Это он только так говорит, а сам понимает, что говорит неправду. Оторваться от своей части, от старых боевых друзей не легче, чем от родной семьи. Все это знают. И Михеич хорошо знает, а сказал так, чтобы оправдать свою забывчивость. Он ночи спать не будет и расспросит всех и запомнит все, а своих найдет непременно.
Батов выскочил из повозки, остановился посреди дороги, поднял руку.
— Чего вы надумали? — сердито крикнул Михеич, придержав коня и обернувшись назад. Верочка приподнялась на локтях и тоже недоуменно смотрит на Батова.
Машина поравнялась с повозкой. Затормозила. Из кабины высунулась вихрастая голова с курносым рябым лицом.
— Куда едешь? — спросил Батов.
— Военная тайна, — бойко отрапортовала голова, весело улыбаясь и сильно окая.
— А чего везешь? — решил Батов до конца разыграть общеизвестную военную присказку, начатую шофером.
— Снаряды танкистам, — хохочет голова от удовольствия, что шутка понята.
— Да ведь ты же тайну выдал!
— Братьям-славянам такую тайну выдать можно. А фрицы сами догадаются, ежели к ним попадешь, — все так же смеется голова и открывает дверцу кабины. — Садись, лейтенант, живо докачу. Отстал, что ли?
Шофер говорит очень быстро, захлебываясь лавиной слов.
— Счастливо добраться! — машет Батов рукой Михеичу и Верочке, становясь на крыло.
Машина тронулась. Шофер проводил внимательным взглядом повозку, оставшуюся за бортом. Лицо его сделалось вдруг серьезным, даже суровым, будто туча на него накатила.
— Девка-то вроде того... Заревела.
— Какая девка? — не понял Батов.
— Ну, да в повозке-то. Уж забыл, что ли? Поди, окрутил да укатил.
— Нет, не окрутил, — вздохнул Батов. — Контужена она. Никто ее не окрутит.
— Хоро́ша, видать, девка.
Машина быстро бежит, оставляя километр за километром. Проехали деревню. Дорога приподнялась на небольшой холм и вильнула вправо, спускаясь по склону и теряясь в полях. Земля парит под солнцем, сошедшим уже с полуденной высоты. Ни одного пахаря, ни единого сеятеля не видно. Пусто. Свежий ветер врывается под открытое лобовое стекло и свободно вылетает в боковые окна, завихривается в кабине, приятно путаясь в волосах на затылке.
Внизу снова видна деревня.
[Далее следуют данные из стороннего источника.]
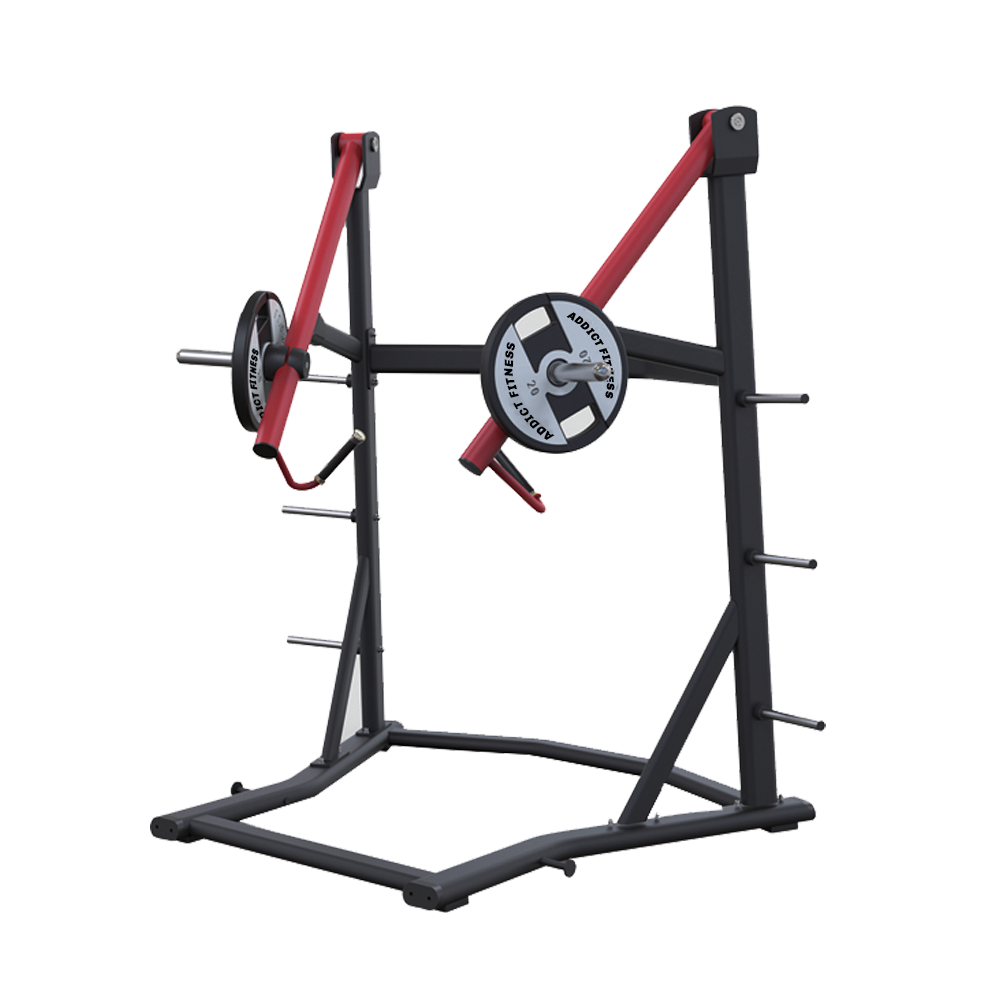 Plate Loaded Standing Press - Fitness Dépôt +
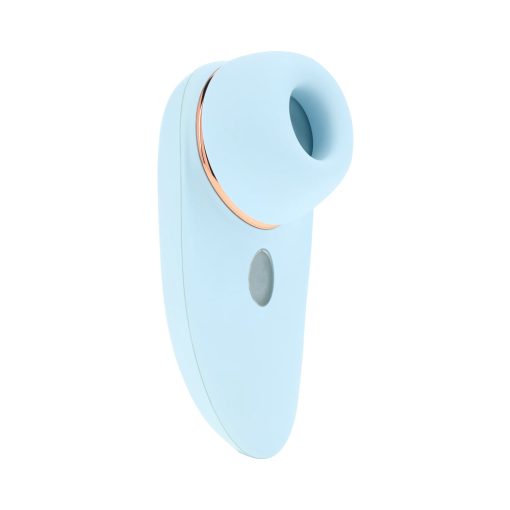 Loveline Aurie Airtaptech Rechargeable Vibrator Blue - Image 2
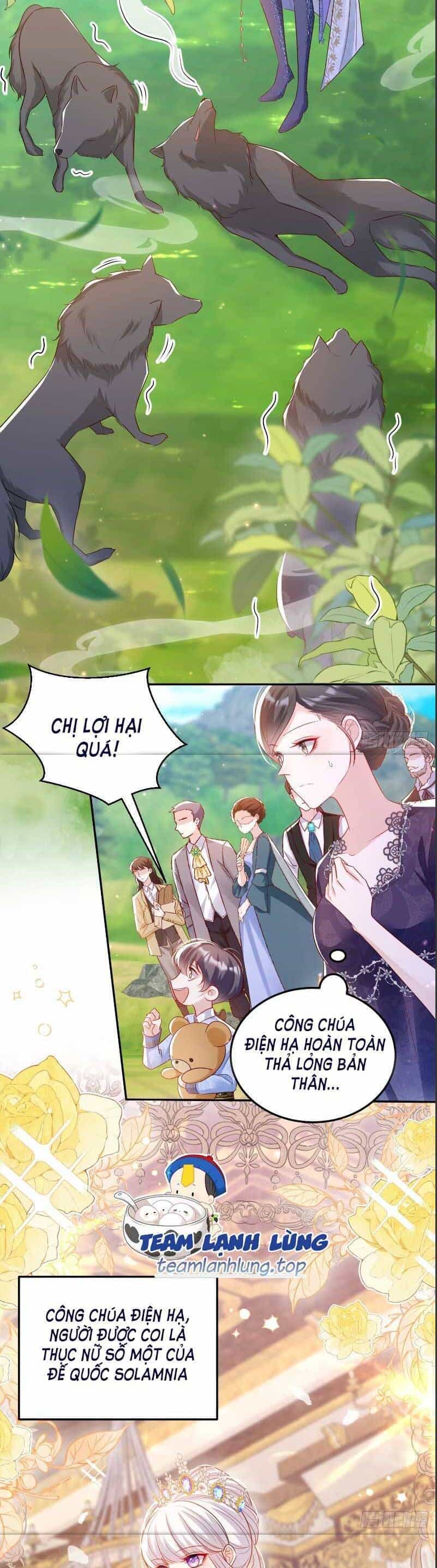 Cưỡng Ép Hoàng Thái Tử Điện Hạ - Chương 11 - ảnh 2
По дороге к ней тянется обоз. Впереди — артиллерия.
— Ваши? — спрашивает шофер.
— Нет. Наши дальше, на танках вместе с вашими... Вообще-то нашего полка это хозяйство.
Шофер долго и протяжно сигналит. Повозки и орудия прижимаются к обочине дороги. Впереди колонны на высоком гнедом коне — капитан Головин. В седле он кажется не таким длинным, как на самом деле. Только стремена коротковаты: колени высоко подняты. Батов помахал ему из кабины, но Головин даже не обернулся.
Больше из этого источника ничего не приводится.